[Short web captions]
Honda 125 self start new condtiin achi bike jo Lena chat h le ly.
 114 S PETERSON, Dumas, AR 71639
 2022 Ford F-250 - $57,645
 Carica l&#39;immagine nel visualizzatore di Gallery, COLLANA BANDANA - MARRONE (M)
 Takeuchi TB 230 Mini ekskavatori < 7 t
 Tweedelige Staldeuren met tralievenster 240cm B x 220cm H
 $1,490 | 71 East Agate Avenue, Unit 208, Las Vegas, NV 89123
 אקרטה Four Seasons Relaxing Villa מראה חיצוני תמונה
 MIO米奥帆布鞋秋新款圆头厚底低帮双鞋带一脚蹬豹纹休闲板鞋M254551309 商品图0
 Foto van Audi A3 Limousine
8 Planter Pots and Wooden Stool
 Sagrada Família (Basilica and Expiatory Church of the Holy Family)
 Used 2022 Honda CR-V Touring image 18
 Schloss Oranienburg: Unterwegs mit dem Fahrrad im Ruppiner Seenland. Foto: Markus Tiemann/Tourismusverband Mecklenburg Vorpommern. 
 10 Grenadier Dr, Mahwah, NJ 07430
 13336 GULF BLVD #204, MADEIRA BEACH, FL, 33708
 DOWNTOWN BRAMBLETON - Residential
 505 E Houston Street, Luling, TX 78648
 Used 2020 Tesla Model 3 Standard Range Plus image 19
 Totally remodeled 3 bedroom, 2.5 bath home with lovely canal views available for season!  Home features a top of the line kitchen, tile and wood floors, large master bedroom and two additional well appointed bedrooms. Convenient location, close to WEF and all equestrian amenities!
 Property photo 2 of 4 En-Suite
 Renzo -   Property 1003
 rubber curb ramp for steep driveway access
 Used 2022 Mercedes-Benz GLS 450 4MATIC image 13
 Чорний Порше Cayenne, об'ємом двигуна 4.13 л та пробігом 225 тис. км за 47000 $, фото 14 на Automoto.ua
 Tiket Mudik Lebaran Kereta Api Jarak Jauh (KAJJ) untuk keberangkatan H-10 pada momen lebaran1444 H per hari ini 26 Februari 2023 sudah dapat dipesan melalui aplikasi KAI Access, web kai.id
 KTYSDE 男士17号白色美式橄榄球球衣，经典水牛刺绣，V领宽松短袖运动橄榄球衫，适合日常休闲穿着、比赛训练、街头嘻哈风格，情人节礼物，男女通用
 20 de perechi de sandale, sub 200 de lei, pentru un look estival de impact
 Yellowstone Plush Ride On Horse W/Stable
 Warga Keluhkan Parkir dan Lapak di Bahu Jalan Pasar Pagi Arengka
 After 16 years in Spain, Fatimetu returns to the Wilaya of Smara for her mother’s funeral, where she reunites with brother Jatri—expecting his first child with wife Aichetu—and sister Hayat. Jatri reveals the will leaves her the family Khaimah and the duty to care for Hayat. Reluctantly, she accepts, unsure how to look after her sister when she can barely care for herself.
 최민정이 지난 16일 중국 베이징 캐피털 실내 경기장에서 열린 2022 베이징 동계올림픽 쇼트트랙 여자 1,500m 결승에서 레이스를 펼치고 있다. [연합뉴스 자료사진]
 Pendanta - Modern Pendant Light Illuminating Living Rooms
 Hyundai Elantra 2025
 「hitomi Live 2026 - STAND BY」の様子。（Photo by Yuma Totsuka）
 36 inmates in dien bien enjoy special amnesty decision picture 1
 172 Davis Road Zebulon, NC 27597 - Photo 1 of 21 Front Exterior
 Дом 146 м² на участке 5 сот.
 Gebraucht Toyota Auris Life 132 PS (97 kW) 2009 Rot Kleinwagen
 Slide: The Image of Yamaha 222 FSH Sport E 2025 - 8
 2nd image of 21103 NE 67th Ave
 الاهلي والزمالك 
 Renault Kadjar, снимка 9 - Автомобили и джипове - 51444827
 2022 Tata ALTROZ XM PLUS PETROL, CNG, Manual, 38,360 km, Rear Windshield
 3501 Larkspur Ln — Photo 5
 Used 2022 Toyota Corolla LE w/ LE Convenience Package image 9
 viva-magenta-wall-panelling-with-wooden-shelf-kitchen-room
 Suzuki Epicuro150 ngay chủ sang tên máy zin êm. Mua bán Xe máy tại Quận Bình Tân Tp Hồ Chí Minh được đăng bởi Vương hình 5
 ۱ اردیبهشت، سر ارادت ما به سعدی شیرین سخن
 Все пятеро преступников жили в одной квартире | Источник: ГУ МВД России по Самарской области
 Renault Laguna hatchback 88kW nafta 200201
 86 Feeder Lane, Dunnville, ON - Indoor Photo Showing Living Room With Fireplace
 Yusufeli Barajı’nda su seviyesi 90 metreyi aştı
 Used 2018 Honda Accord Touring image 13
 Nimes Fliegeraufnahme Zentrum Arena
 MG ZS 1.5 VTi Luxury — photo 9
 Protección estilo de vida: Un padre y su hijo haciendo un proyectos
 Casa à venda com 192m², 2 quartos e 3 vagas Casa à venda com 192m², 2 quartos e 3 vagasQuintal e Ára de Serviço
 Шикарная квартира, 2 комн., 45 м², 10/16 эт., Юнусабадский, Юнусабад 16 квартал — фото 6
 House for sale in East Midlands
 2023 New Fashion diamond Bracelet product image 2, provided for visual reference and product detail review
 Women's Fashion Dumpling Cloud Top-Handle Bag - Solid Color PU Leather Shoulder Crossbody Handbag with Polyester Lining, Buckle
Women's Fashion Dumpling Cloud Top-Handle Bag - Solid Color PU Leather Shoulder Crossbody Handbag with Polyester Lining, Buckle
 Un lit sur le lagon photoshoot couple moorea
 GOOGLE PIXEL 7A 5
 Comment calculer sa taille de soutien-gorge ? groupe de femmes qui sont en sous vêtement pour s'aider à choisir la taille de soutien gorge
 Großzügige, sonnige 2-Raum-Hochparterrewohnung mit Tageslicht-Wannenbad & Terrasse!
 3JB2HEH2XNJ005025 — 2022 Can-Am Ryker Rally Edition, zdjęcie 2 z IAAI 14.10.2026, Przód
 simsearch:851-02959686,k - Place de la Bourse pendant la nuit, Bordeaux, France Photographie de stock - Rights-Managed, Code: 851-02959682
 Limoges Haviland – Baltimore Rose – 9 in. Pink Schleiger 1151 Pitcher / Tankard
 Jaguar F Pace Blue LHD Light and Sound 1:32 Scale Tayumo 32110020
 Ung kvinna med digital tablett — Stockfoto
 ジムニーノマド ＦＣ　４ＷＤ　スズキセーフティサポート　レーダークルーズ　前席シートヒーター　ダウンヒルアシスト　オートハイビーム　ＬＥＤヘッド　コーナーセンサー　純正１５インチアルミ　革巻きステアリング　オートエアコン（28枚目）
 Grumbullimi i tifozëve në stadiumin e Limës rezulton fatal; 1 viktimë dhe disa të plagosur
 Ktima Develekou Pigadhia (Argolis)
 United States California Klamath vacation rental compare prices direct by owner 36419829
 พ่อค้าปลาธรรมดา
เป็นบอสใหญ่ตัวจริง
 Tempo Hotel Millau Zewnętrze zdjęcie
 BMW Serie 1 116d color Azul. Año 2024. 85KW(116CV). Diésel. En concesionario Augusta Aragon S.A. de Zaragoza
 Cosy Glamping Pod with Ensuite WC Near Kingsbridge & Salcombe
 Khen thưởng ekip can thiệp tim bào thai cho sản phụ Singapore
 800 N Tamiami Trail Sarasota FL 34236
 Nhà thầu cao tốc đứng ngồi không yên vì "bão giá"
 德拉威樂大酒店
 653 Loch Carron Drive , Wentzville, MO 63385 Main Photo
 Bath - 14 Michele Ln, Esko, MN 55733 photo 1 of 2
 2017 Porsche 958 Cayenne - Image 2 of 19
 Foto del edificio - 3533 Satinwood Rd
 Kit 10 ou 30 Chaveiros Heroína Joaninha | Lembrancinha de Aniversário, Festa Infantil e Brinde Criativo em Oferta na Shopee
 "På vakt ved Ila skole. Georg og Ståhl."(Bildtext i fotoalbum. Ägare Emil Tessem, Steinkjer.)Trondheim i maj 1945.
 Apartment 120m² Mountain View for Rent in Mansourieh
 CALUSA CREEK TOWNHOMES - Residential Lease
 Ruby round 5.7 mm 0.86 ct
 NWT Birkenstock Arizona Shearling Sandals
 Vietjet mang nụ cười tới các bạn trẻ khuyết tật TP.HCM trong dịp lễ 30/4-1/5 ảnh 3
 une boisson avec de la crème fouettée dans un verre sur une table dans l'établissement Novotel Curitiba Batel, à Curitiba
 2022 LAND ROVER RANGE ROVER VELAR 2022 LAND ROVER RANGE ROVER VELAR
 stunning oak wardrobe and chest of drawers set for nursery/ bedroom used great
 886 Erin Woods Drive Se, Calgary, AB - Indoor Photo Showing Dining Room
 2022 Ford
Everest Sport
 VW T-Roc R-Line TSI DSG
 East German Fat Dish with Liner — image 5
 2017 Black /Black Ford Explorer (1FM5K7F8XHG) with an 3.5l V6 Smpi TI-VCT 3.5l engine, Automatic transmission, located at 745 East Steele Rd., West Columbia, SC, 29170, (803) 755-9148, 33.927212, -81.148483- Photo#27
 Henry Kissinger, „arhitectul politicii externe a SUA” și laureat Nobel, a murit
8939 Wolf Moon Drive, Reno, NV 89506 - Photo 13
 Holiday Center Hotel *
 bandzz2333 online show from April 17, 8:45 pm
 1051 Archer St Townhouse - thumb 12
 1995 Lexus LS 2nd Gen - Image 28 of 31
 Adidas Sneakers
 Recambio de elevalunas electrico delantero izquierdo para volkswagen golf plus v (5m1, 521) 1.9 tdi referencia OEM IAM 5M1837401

- **WHAT NEEDS TO BE DONE**: Lines containing the word "kitchen" are to be pulled from the records and copied.

- **EXERCISE SOLUTION**:
 Totally remodeled 3 bedroom, 2.5 bath home with lovely canal views available for season!  Home features a top of the line kitchen, tile and wood floors, large master bedroom and two additional well appointed bedrooms. Convenient location, close to WEF and all equestrian amenities!
 viva-magenta-wall-panelling-with-wooden-shelf-kitchen-room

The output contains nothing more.